1Les universités de nombreux pays sont amenées à devenir plus entrepreneuriales. Cette évolution a été mise en avant par Clark (1998, 2004) qui a analysé l’évolution entrepreneuriale d’universités qui se rapprochent du monde socio-économique et innovent en matière de transfert de technologie, de réseaux d’innovation, d’essaimage ou de financement. Les travaux critiques de Slaughter et Rhoades (2004) qui évoquent le développement d’un « capitalisme académique » montrent aussi l’importance des créations d’entreprises, de la valorisation et des brevets dans le cadre d’une économie du savoir.
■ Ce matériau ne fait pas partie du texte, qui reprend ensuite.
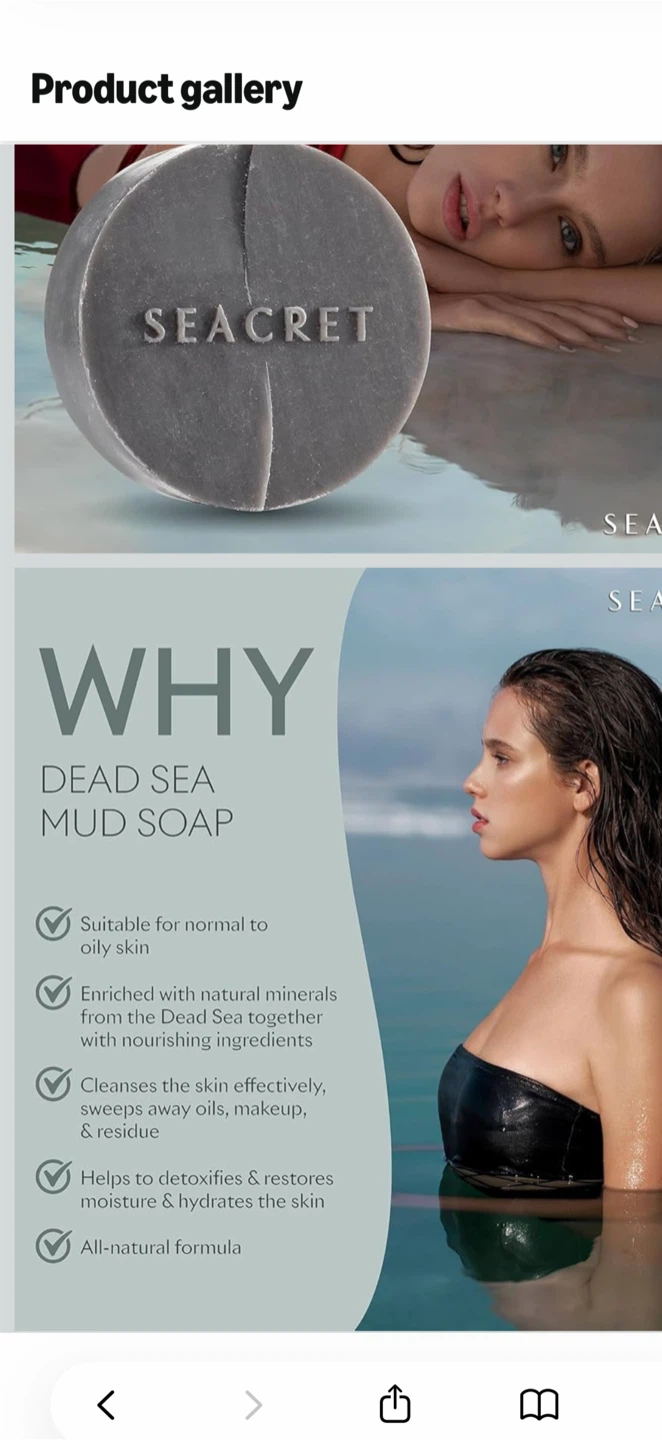 Seacret Dead Sea Mud Soap Bar - photo 3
2Ainsi, comme le précisent Nelles et Vorley (2011), une « troisième mission » des universités apparaît depuis les années 80 : le développement socio-économique à travers des échanges de savoirs et la mise en œuvre de partenariats externes. Pour Etkowitz et al. (2000), l’adoption de cette nouvelle mission représente une deuxième révolution universitaire, la première ayant eu lieu lorsque l’université, en plus de sa mission traditionnelle d’enseignement, a été chargée de développer la recherche fondamentale. La coopération devient plus étroite entre les universités, le monde socio-économique et les pouvoirs publics, ce que ces auteurs appellent « le modèle de la triple hélice » pour insister sur le caractère dynamique des interactions dans une économie fondée sur le savoir et l’innovation. Les travaux de Musselin (2001) et Mignot-Gérard (2003) décrivent ces évolutions à l’œuvre dans le cas français : développement du management stratégique, mesure de performance, développement de partenariats externes…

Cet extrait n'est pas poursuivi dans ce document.